The SEC final rule requires that people who provide “advice” to a municipal entity or “obligated person” with respect to investment strategies register with the SEC if such advice relates to (i) the issuance of municipal securities, (ii) the investment of proceeds of municipal securities, or (iii) municipal derivatives. Under the rule, the term obligated persons includes traditional conduit borrowers such as nonprofit healthcare providers and universities who are obligated to repay amounts borrowed through a municipal securities offering. Whether someone gives advice to a municipal entity or obligated person is based on “all of the relevant facts and circumstances,” including whether the advice: (i) involves a recommendation to a municipal entity, (ii) is particularized to the specific needs of a municipal entity, or (iii) relates to municipal financial products or the issuance of municipal securities.
Many investment bankers regularly work with their issuer and borrower clients to come up with appropriate and often innovative financial recommendations that best suit the clients’ needs with respect to a potential transaction or series of transactions. Under the new rule, this type of advice, even something as simple as recommending a refunding transaction, qualifies the investment banker as a municipal advisor, triggering registration requirements and a fiduciary duty. Further, under the new rules, as a municipal advisor, the banker would not be permitted to serve as the underwriter for any transaction where such advice was offered. As a result, many investment bankers will likely find it in their best interest not to provide this type of advice to issuers and conduit borrowers regarding a potential transaction, unless an exclusion or exemption from registration under the rule can be found.

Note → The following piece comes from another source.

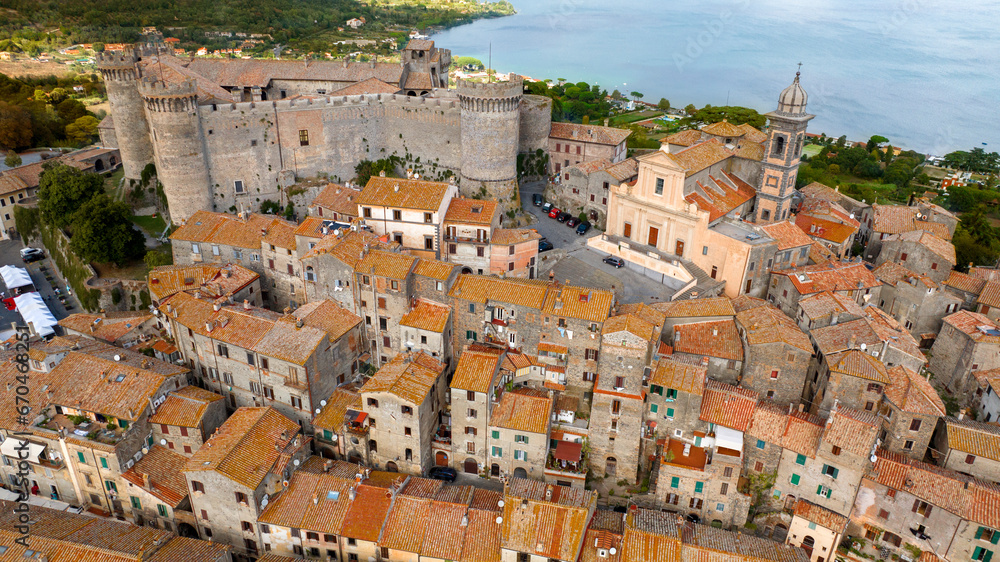 Aerial view of the castle and cathedral of Santo Stefano in the historic center of Bracciano, in the metropolitan city of Rome, Italy. The town is located on the shores of Lake Bracciano.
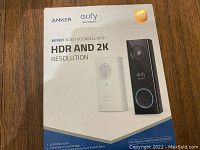 Box packaging showing Anker Eufy Wired Video Doorbell with HDR and 2K Resolution, highlighting key features and branding.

Exemption from Registration if Engaged as an Underwriter
Brokers, dealers, and municipal securities dealers who work as underwriters are exempt from registration as a municipal advisor so long as their advice involves the structure, timing and terms of a municipal securities issuance. To qualify for this exemption, there must be an engagement of the dealer as an underwriter. The SEC has noted that this exemption begins when the underwriter is engaged and continues until the end of the underwriting period for that transaction. As a result of this exemption, the underwriter does not incur a fiduciary duty to the borrower. An engagement letter or letter of intent may be subject to certain conditions, such as formal approval of the selection of the underwriter by the borrower’s governing body or finalizing the structure of the issue of municipal securities. It may also state that the engagement is nonbinding and can be terminated by either party.

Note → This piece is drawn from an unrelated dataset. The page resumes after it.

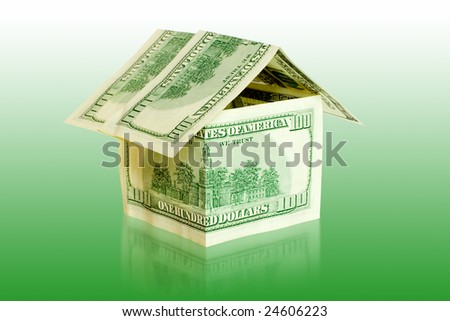 real estate concepts. money house over green background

It is important to note, however, that the underwriter exemption does not apply to advice other than that relating to the structure, timing and terms of an issuance. The SEC has noted that underwriters may also assist in related matters such as rating presentations and strategies, investor road shows and the preparation of preliminary and final official statements. However, the underwriter exclusion does not apply to advice on the investment of proceeds of municipal securities, advice on municipal derivatives, or advice relating to the method of sale of municipal securities.
Exemption from Registration for a RFP
The rule provides an exemption for responses to a borrower’s request for proposals (“RFP”). This exemption allows borrowers to seek input from broker-dealers, investment banks and other market participants regarding a proposed issuance of municipal securities. The RFP must meet certain guidelines established by the SEC for this exemption to apply, including that the RFP clearly identifies the objective of the issuer or borrower, that it remains open for a reasonable specified period of time and that it be sent to a particular number of firms or publicly posted, among others. If these criteria are met, then those responding to the RFP may provide advice on a non-fiduciary basis without triggering registration as a municipal advisor under the rule.
Exemption from Registration due to Involvement of a Registered Municipal Advisor
If an issuer or borrower is already represented by an “Independent Registered Municipal Advisor” (“IRMA”), a dealer or investment banker may provide advice to the issuer or borrower so long as the following conditions are met:
- An IRMA is providing advice to the borrower with respect to the same issuance of municipal securities or matter;
- The IRMA representing the borrower was not associated with the person seeking to rely on the exemption within the past two years;
- The person seeking to rely on the exemption obtains a written statement of the borrower that the borrower is represented by an IRMA, and will rely on the advice of the IRMA and the person can reasonably rely on this statement; and
- The person seeking to rely on the exemption discloses to the borrower that it is not a municipal advisor and, in the case of municipal entities, is not subject to the fiduciary duty that applies to registered municipal advisors. The person also provides a copy of such disclosure to the IRMA at a time and in a manner that allows the borrower to assess the benefits and conflicts of interest the person may have.